# Story Behind the Old and Well Known Nursery Rhyme, Mary Had A Little Lamb



## SeaBreeze (May 1, 2017)

I thought this was interesting, I remember Mary Had a Little Lamb as a young child.  More here.    http://www.amusingplanet.com/2017/05/mary-and-her-little-lamb.html




> The childhood nursery rhyme "Mary Had a Little Lamb" is familiar to all, but did you know it’s based on a _real_ Mary and a _real_ lamb and a _real_ incident that took place at school?
> 
> The  real Mary, Mary Sawyer, was born in 1806 in the town of Sterling,  Massachusetts, the United States. One day, when Mary was about ten, she  discovered two recently born lambs on their family farm.
> 
> ...


----------



## jujube (May 1, 2017)

Love it!  I never knew there was a story behind that nursery rhyme.  You guys educate me every day!


----------



## Shalimar (May 2, 2017)

Fun!


----------



## Aunt Bea (May 2, 2017)

Great bit of history, thanks!!!


----------



## Moofies (May 2, 2017)

Wow, I'm from Massachusetts and never heard that story.  How very interesting.  I shall pass it on to my family.  Thanks you for posting this


----------



## Meanderer (May 4, 2017)

Here are two pictures of Mary Sawyer, later in her life.


----------



## Callie (May 4, 2017)

Thank you.. what an adorable story!


----------



## Meanderer (May 5, 2017)

Even Paul Harvey would agree that "the rest of the story" is a sad tale indeed!

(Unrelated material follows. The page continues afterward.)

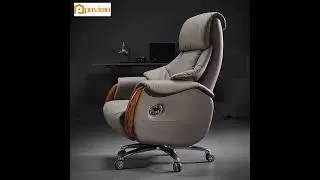Desota Leather Executive Electric Chair &mdash;160&deg; Recline Chair #office #leisurechair #executivechair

"Mary's lamb grew up to be a fine ewe who mothered three lambs herself.  She lived to be 4 years old when she met an unfortunate end in an encounter with a cow".

(2007)  "Mary’s Lamb house reduced to rubble.  Arson suspected".


----------



## SeaBreeze (May 6, 2017)

Thanks for the update Meanderer, none of that was mentioned on the source site.


----------



## hauntedtexan (May 6, 2017)

All I remember is the joke that came from that nursary rhyme: Mary had a little lamb, that's what she gets for sleeping in a barn....


----------